The idea behind cutting taxes on the rich to increase investment is also known as “trickle down economics”—a debunked and rightly reviled theory. It assumes that the wealthy, in pursuit of ever greater returns, will allocate capital where it is most effective. There is an implicit assumption that the most profitable investments will be the best for society. A related argument claims that the ultra-wealthy are risk-takers and increasing capital gains taxation will dampen their socially-beneficial risk-taking.

However, there is no reason to accept the equation of the ultra-wealthy’s high-risk, high-return investments with our economic interests. Consider some of what we’ve gotten from prioritizing the profit-driven investment decisions of capitalists: an over-developed fossil fuel sector and some of the world’s highest per capita emissions, bloated finance and real estate sectors and a lack of affordable housing, increased market concentration and corporate pricing power, underinvestment in health care, child care, long-term care, and environmental care.

Some question the wisdom of increasing taxes on capital gains when Canada is dealing with weakening productivity. Setting aside the vital question—“production of what”—there is no more evidence for the suggestion that higher taxes will worsen productivity than for the claim that lower taxes will increase investment.

In fact, OECD countries that tax capital gains at higher rates are associated with higher levels of output.

Let’s grow up about the need for economic management

For decades, we’ve been experimenting with governments trying to leave economic progress to free market forces. From many perspectives, not least inequality and ecological degradation, the result has been disastrous. This is not because free market forces failed to deliver. Rather, it is because the very idea is nonsensical.

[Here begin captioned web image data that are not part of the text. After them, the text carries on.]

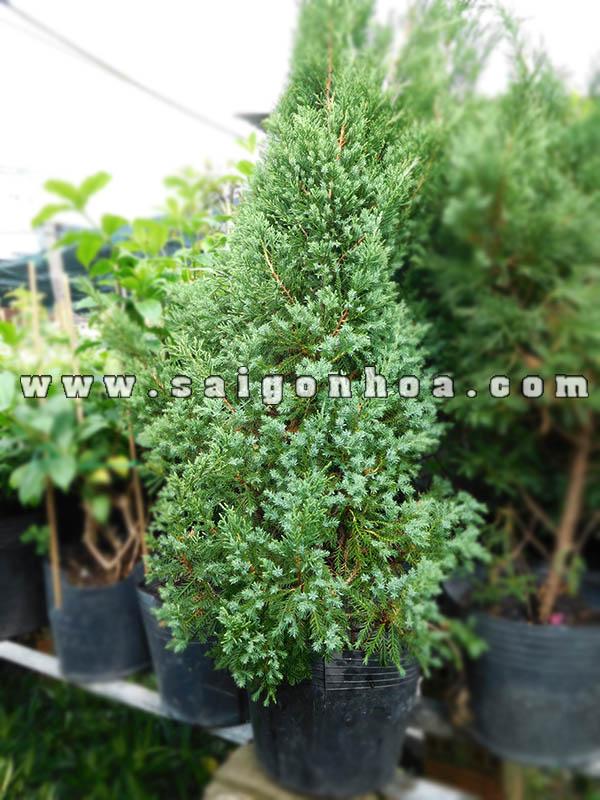 Noi Ban Cay Tung Bup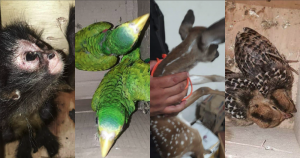 Dos cotorros, dos guajolotes silvestres, dos pavo reales, mono araña, venado y un gato montés fueron los ejemplares que eran trasladados de forma ilegal. Foto: Especial, Chiapas Paralelo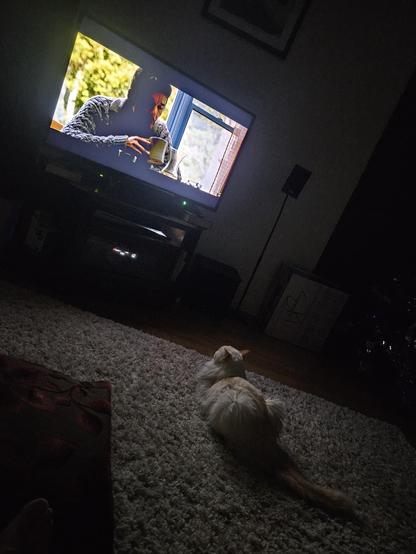 A photo of the TV, showing Ethan Hawke's character from Sinister drinking a cup of coffee.

In the foreground is Osiris, a white fluffy ragdoll cat. He's contentedly staring up at the TV as though he's watching the movie with us.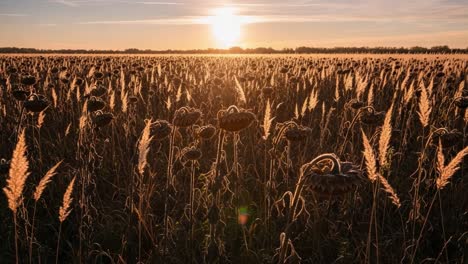 a serene field of sunflowers under a glowing sunset, capturing the essence of nature's beauty and tranquility in a vibrant landscape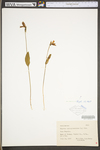 Pogonia ophioglossoides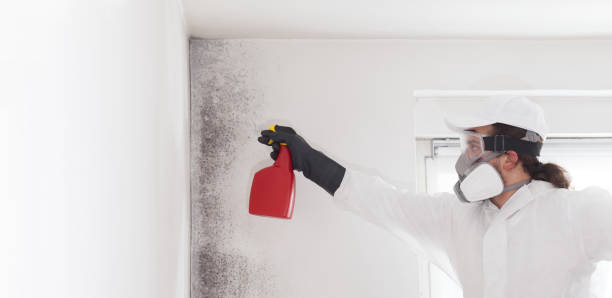 Best Commercial Mold Removal  in Caway, AR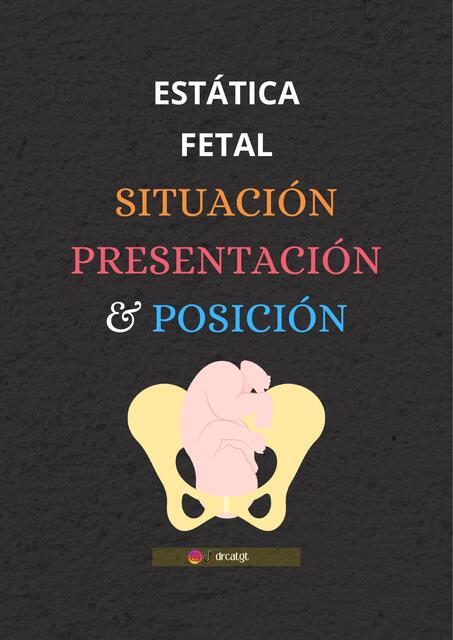 Estatica fetal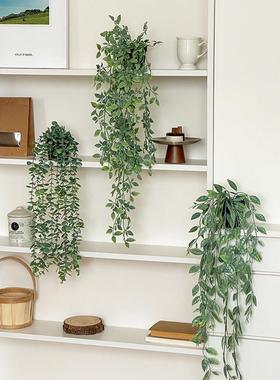 彷真绿色植物垂吊植物摆件创意客厅墙上桌面家居装饰品房间改造小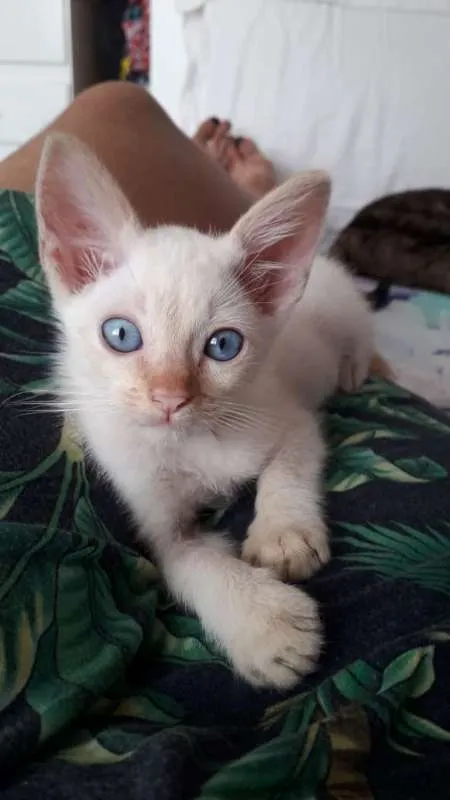 Gato ra a SRD idade 2 a 6 meses nome Ajay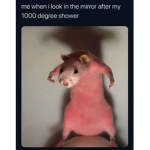 The authentic meme peeps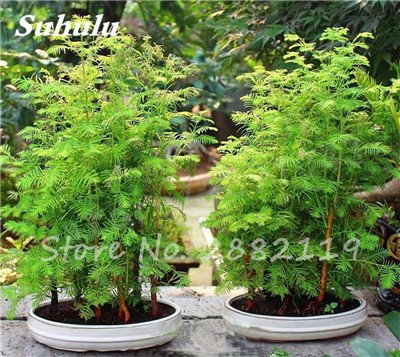 30 PC Coast Redwood Sequoia sempervirens Semillas Bonsai árbol en maceta Plantas en Casa y Jardín Aire fresco El jardín de DIY 3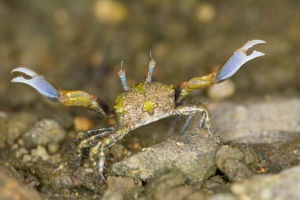 角眼切腹蟹 角眼切腹蟹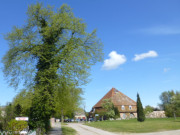 Blick zum Wasserschloss: Mellenthin im Hinterland Usedoms.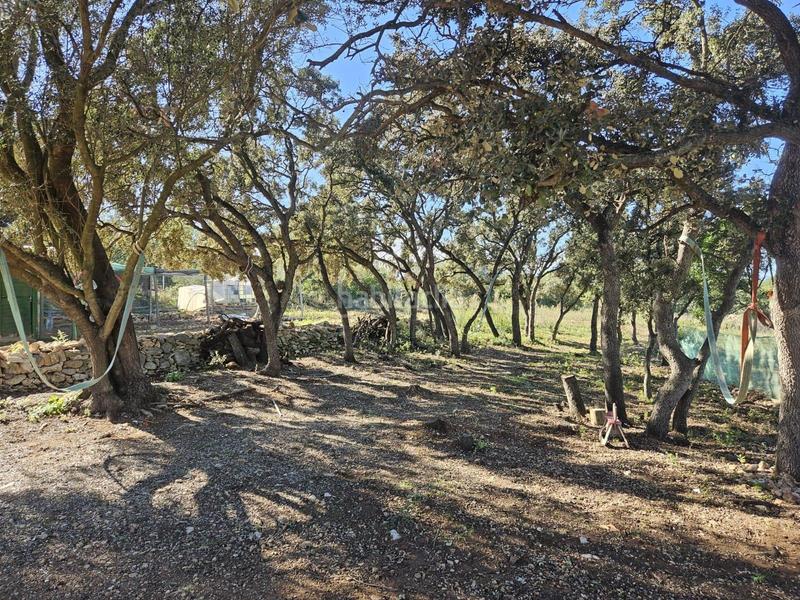 Foto 8a655f4c-a7b3-4f9f-bf63-5b4fbad19181. Fondo rustico in Vall d´Alba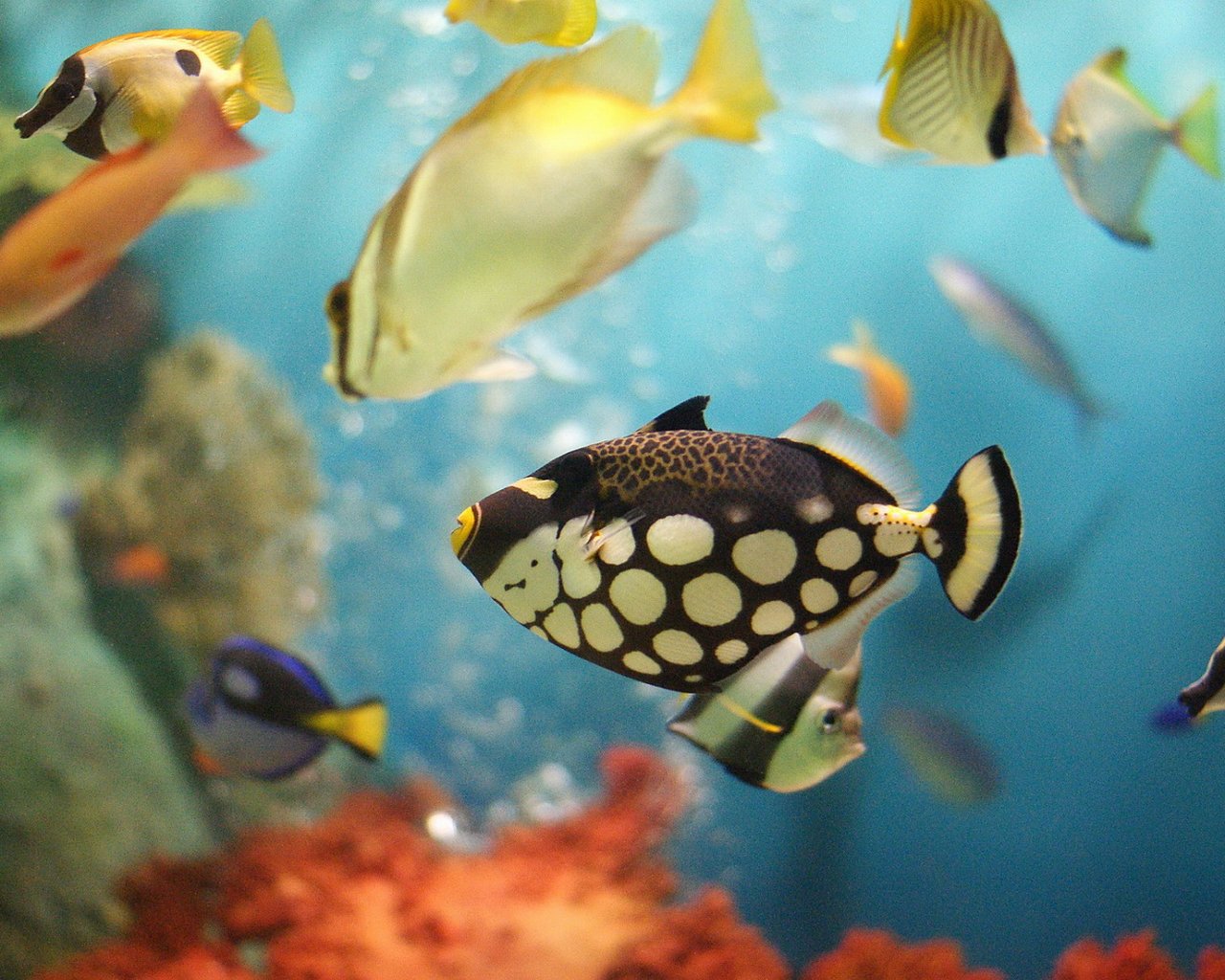 斑马鱼的养殖方法和注意事项,小观赏鱼斑马鱼怎么养好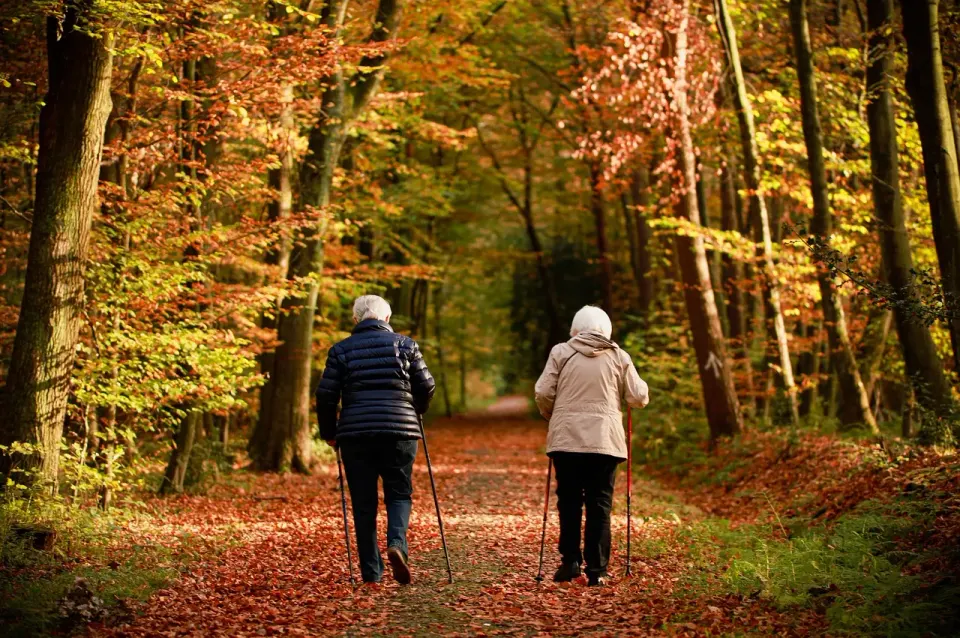 elderly, couple, walking, trail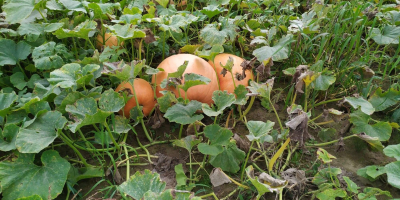 Tengo a la venta calabazas gigantes, perfectas para varios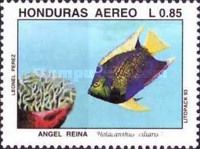 Queen Angelfish (Holacanthus ciliaris)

The political economist Karl Polanyi detailed in his masterpiece The Great Transformation that markets do not—and cannot—exist without governance. By trying to limit the public sector’s economic role as much as possible, we ended up with too much uncoordinated, conflicting, and ineffectual government action, on the one hand. On the other hand, we abdicated economic governance to the C-suites, where corporate executives make decisions in the interest of owners rather than the public.

The solution is not to maintain this outmoded insistence that the problem is government interference. Instead, we need to take collective responsibility for the difficult work of creating the kind of just, sustainable economy that we deserve. The way we do so is through our public institutions. Despite their many shortcomings, they are orders of magnitude more accountable and more transparent than corporations. Of course it is hard work. Yes, things will go wrong. But there is no magic solution if only we “leave it to the market.” C.D. Howe, Canada’s legendary former minister of trade and commerce, didn’t shirk from the difficulty of managing Canada’s economy through the Second World War. Neither should we.

The 2024 budget does not get us anywhere near the kind of public leadership that we need. But the increase to capital gains taxes is an important, if minor, reversal of tax cuts that increased the wealth and power of the richest families at the expense of everyone else. That increase needs to be defended against the vested interests that will refuse any challenge to their power.

D.T. Cochrane is senior economist with the Canadian Labour Congress, Canada’s largest labour organization.